The Enterprise Path: Zillow Data Licensing

If you're building a product that needs Zillow data at scale legally, the real path is Zillow's Data Licensing Program (formerly Bridge Interactive). Zillow licenses its listing data to MLSs, brokerages, and portals through formal data agreements.

It's not cheap — pricing is negotiated based on usage volume and use case — but it's the only way to get Zestimates, rental estimates, and sold/off-market data with permission. Contact [email protected] for enterprise inquiries.

For most developers, this isn't viable. But if you're building a funded real estate product, it's worth knowing it exists before investing heavily in a scraper Zillow could break at any time.

Alternative Data Sources

When Zillow is too hard to scrape, these sources are easier and sometimes richer:

Redfin (Semi-Public API)

Redfin has a semi-documented API endpoint that returns JSON directly for map queries — no authentication required:

import httpx

def search_redfin(bounds: dict) -> list[dict]:
    """
    Search Redfin listings within a bounding box.
    bounds: {'north': float, 'south': float, 'east': float, 'west': float}
    """
    params = {
        "al": 1,
        "num_homes": 350,
        "mpt": "99",  # property type (99 = all)
        "market": "seattle",
        "region_id": "12898",  # region ID for Seattle
        "region_type": "6",
        "sf": "1,2,3,5,6,7",  # include all sale types
        "sold_within_days": "30",
        "v": "8",
    }

    # Redfin's GIS endpoint
    url = "https://www.redfin.com/stingray/api/gis"

    headers = {
        "User-Agent": "Mozilla/5.0 (Macintosh; Intel Mac OS X 10_15_7) AppleWebKit/537.36",
        "Accept": "application/json",
        "Referer": "https://www.redfin.com/",
    }

    with httpx.Client(headers=headers, timeout=30) as client:
        resp = client.get(url, params=params)

    if resp.status_code == 200:
        # Redfin also prefixes with {}&&
        text = resp.text.replace("{}&&", "")
        data = json.loads(text)
        homes = data.get("payload", {}).get("homes", [])
        return [
            {
                "price": h.get("priceInfo", {}).get("amount"),
                "beds": h.get("beds"),
                "baths": h.get("baths"),
                "sqft": h.get("sqFt", {}).get("value"),
                "address": h.get("streetLine", {}).get("value"),
                "city": h.get("cityStateZip", {}).get("value"),
                "lat": h.get("latLong", {}).get("latitude"),
                "lng": h.get("latLong", {}).get("longitude"),
                "days_on_market": h.get("dom", {}).get("value"),
                "url": f"https://www.redfin.com{h.get('url', '')}",
            }
            for h in homes
        ]
    return []

County Assessor Records

County assessor data is public, often downloadable as bulk CSV from county websites.
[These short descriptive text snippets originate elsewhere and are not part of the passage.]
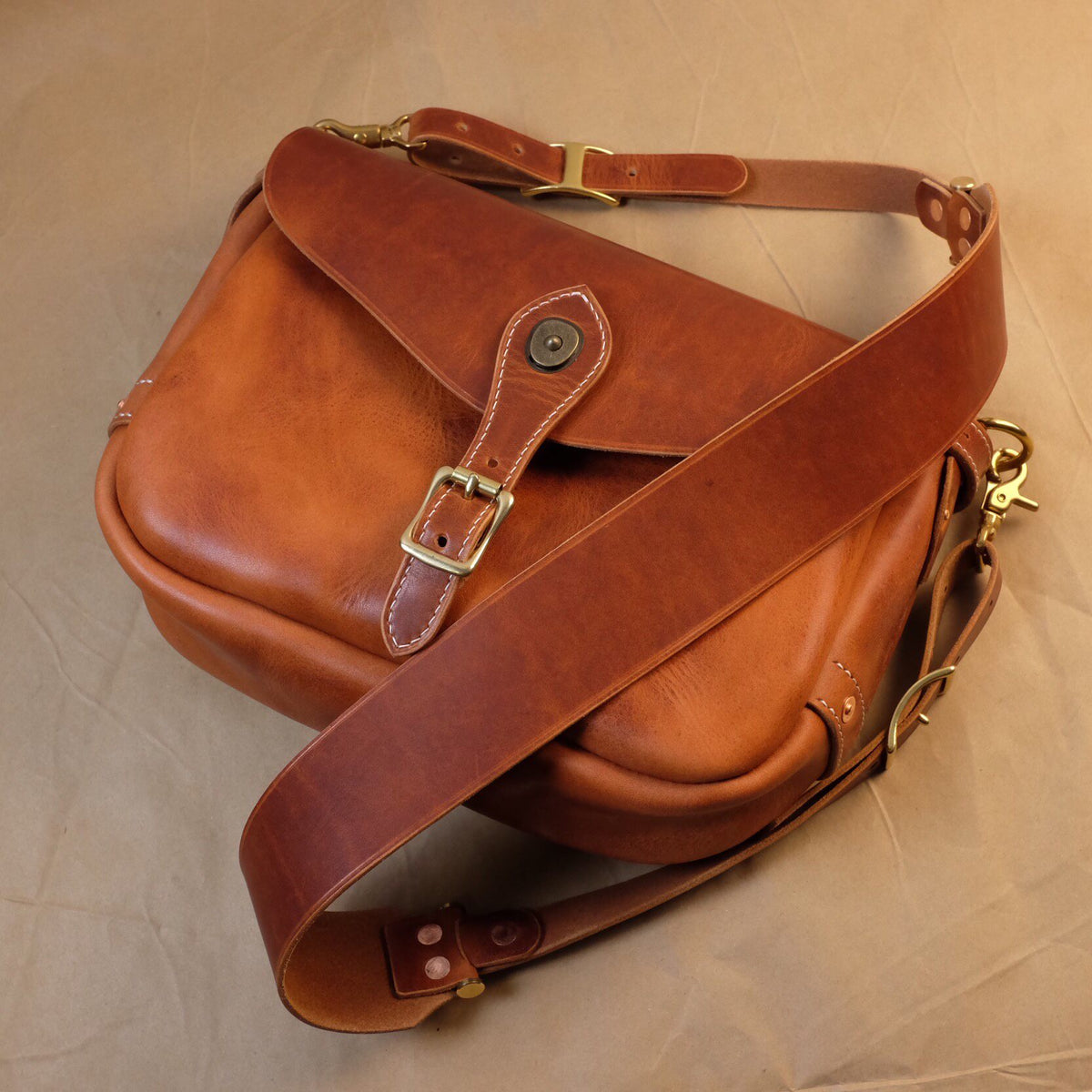 Horween Dublin Leather Messenger Bag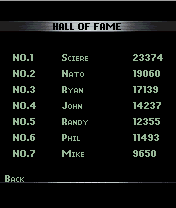 Brothers in Arms: Earned in Blood (J2ME) screenshot: High score screen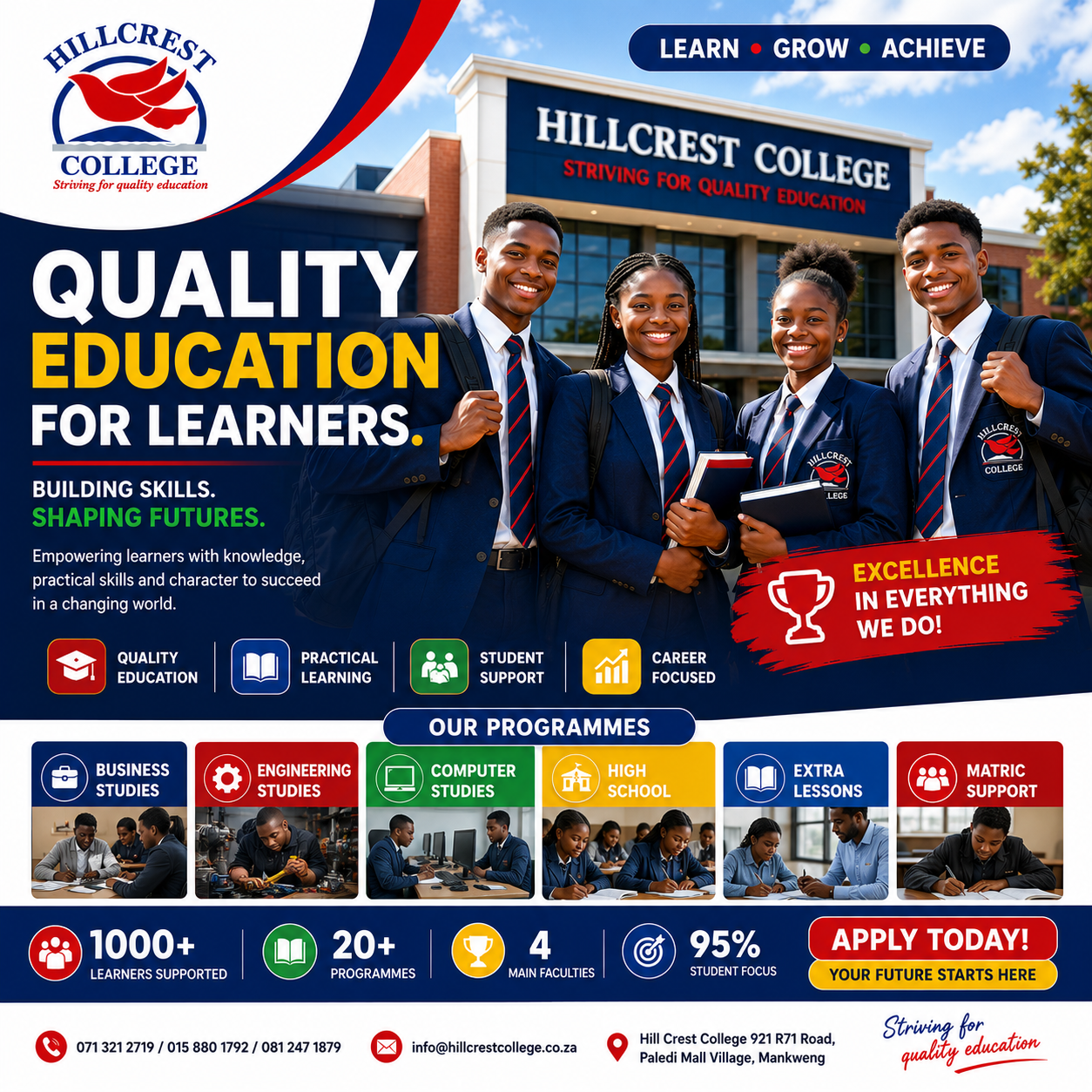 Hillcrest College Students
Slower to update (quarterly or annual releases) but no scraping needed and no ToS to worry about:

King County (Seattle): https://info.kingcounty.gov/assessor/DataDownload/default.aspx
Cook County (Chicago): https://datacatalog.cookcountyil.gov/
Los Angeles County: https://assessor.lacounty.gov/
New York City: https://www.nyc.gov/site/finance/property/property-data.page

For many use cases — especially anything involving historical sales, tax records, or ownership history — county assessor data is more complete than Zillow and completely free.

Commercial Options

ATTOM Data: Comprehensive property records API. $500-2,000/month depending on volume, but clean data with proper ToS.
CoreLogic: Enterprise property data platform. Used by banks and mortgage companies.
HouseCanary: Similar to ATTOM with Zestimate-equivalent AVM (Automated Valuation Model).

Common Gotchas

JSON structure changes: Zillow updates their frontend regularly. The path to listing data in __NEXT_DATA__ changes. Build your parser to try multiple paths and log when none work.

Sold listings have different structure: The cat1.searchResults.listResults path works for active listings. Sold listings go into a different key (soldResults).

Price formatting: Prices come as strings like "$1,250,000" in some fields and as integers in others. Normalize explicitly:

def parse_price(price_str) -> int | None:
    if isinstance(price_str, (int, float)):
        return int(price_str)
    if isinstance(price_str, str):
        cleaned = re.sub(r'[^\d]', '', price_str)
        return int(cleaned) if cleaned else None
    return None

Zestimate availability: Zestimate is only present for ~70% of listings. Handle None gracefully.

Rate limiting is per-IP not per-session: Clearing cookies doesn't reset the rate limit. Only rotating to a new IP helps once you're throttled.

Zillow scraping in 2026 means committing to Playwright or curl-cffi, residential proxies via ThorData or similar, and accepting that your scraper will break periodically when Zillow updates its detection. Keep your code modular, log failures aggressively, and plan for a bi-monthly fix cycle. For anything requiring scale or legal certainty, the data licensing path or alternatives like Redfin's API and county records are worth the tradeoff.